L’altra. Una commissione di esperti, psicologi neuropsichiatri pediatri pedagogisti, nominata dal Presidente per offrire un aiuto alle famiglie nell’affrontare il problema, ha portato al governo le sue conclusioni: una proposta di regolamentazione nell’uso in relazione all’età. Proposta che dovrebbe tradursi, a parere della commissione, in disposizioni di legge. I punti principali: prima dei 3 anni divieto assoluto di tutti gli schermi, tv compresa; dai 3 ai 6 tv e tablet autorizzati, e solo con la presenza di un adulto; niente telefonino prima degli 11 anni; a 11 sì, ma senza Internet; la connessione alla rete dai 13 anni, ma con il controllo di un adulto; solo a 15 l’uso dei social, ma non di tutti; non Instagram o TikTok prima dei 18.

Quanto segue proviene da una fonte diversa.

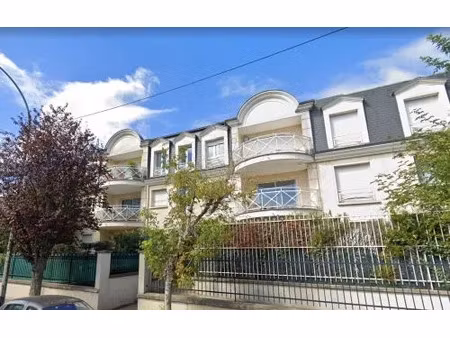 location appartement 1 pièce 31.47 m² à nogent-sur-marne (94130)  833 €
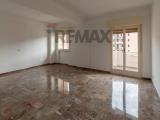Appartamento, PALERMO, 225.000 €, 112,00 mq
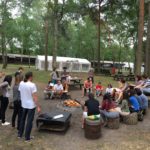 13308704_872809759532304_9187333824421913659_o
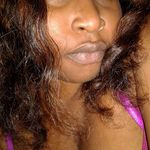Jazzy Pha - @ms3o2 - Instagram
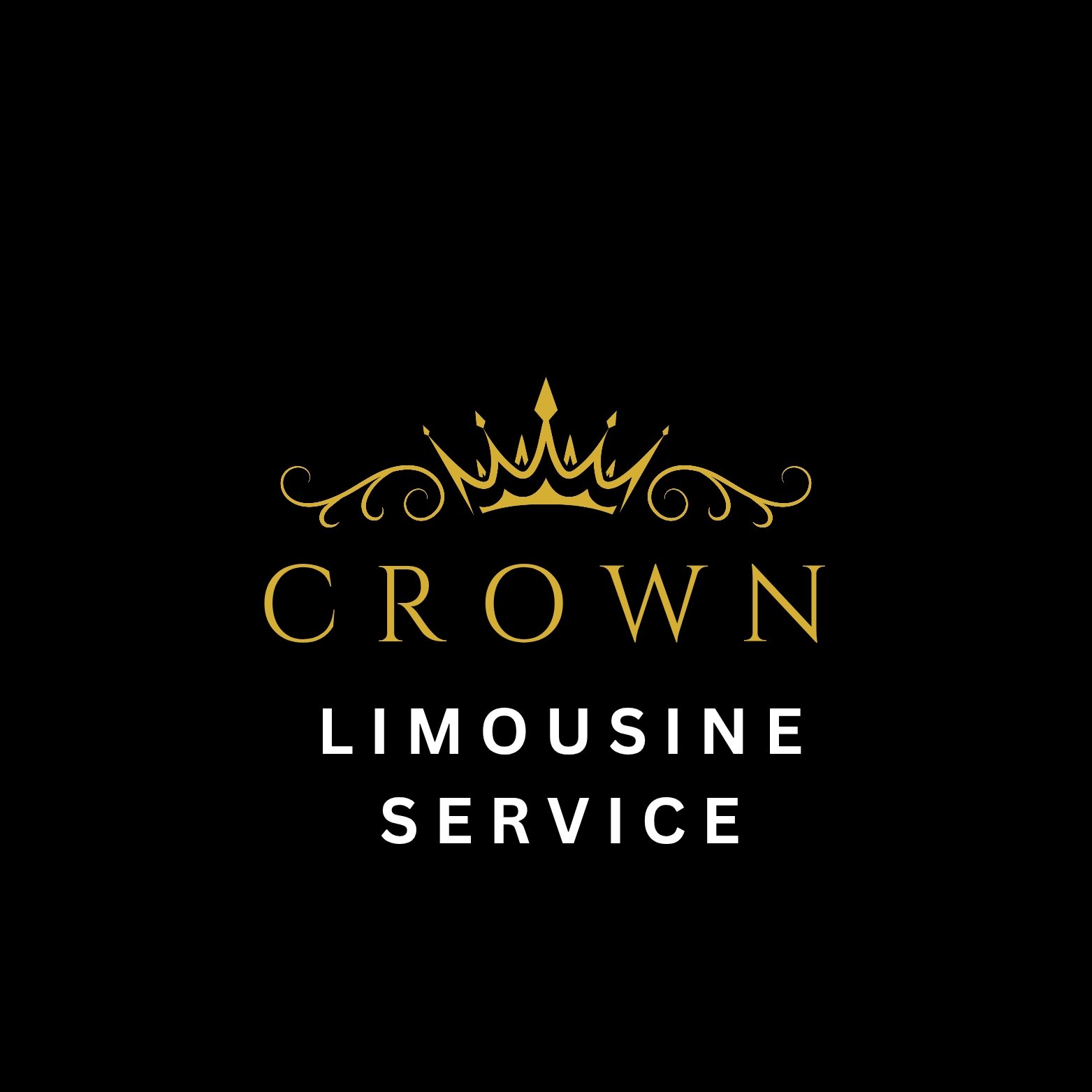 Crown Limousine Service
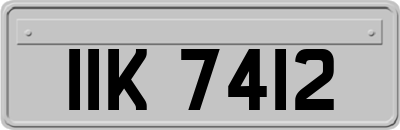 IIK7412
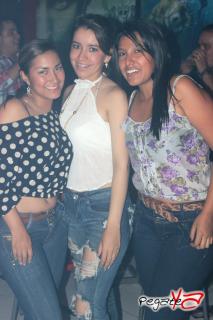 Foto 21 de Mayo 11 del 2013 en Am / PM Bar - Cali, Cali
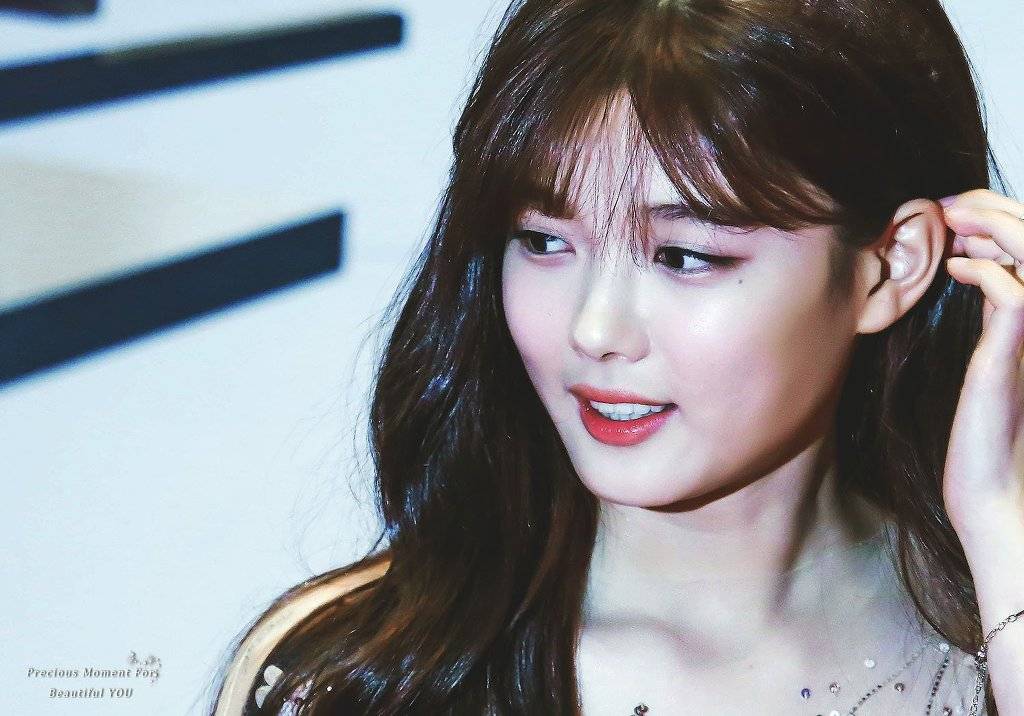 16~17시즌 김유정 .JPG | 인스티즈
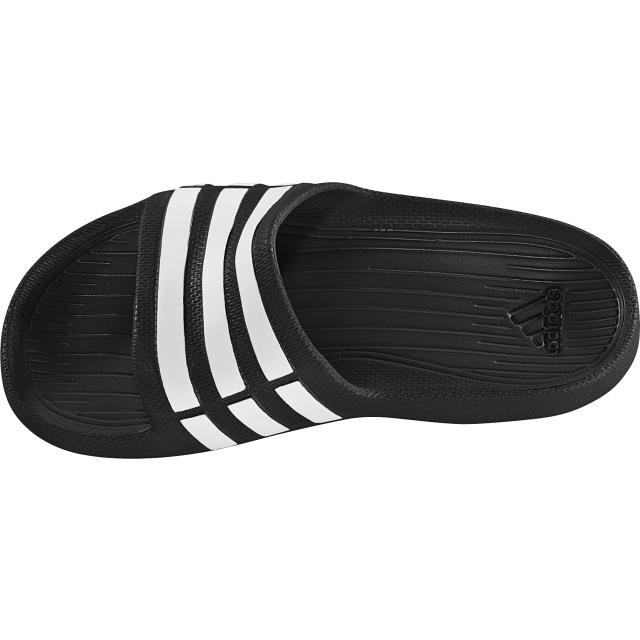 adidas duramo 34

Due le motivazioni di fondo. I danni alla salute, fisica e mentale: disturbi del sonno, nervosismo, agitazione, depressione, isolamento sociale, obesità da vita sedentaria, serie difficoltà nell’attenzione. I contenuti d’ogni genere cui tutti possono accedere, gratis, tramite cellulare, dalla violenza alla pornografia. Non si abbandonano i bambini nella giungla: allo stesso modo non si lasciano da soli su Internet. Con siti che attivano strategie potenti per catturare l’attenzione, fino a giungere allo sfruttamento, economico e sessuale, anche di bambini. Caterina a 9 anni col suo telefonino accede già ai siti porno: l’ho incontrata di recente con i suoi genitori.
Non so quando o come la Francia accoglierà le proposte della commissione. E da noi? Qui sembra che neppure ce lo poniamo il problema. I nostri politici, affetti da sindrome da campagna elettorale permanente, sono catturati solo dai loro giochini alla caccia di voti. Neppure la scuola sa attivarsi per offrire alle famiglie quell’aiuto di cui hanno bisogno per una problematica del tutto nuova, di fronte alla quale si ritrovano senza alcuna preparazione. Sì e no qualche parrocchia, ogni tanto, qualche iniziativa… Quousque tandem?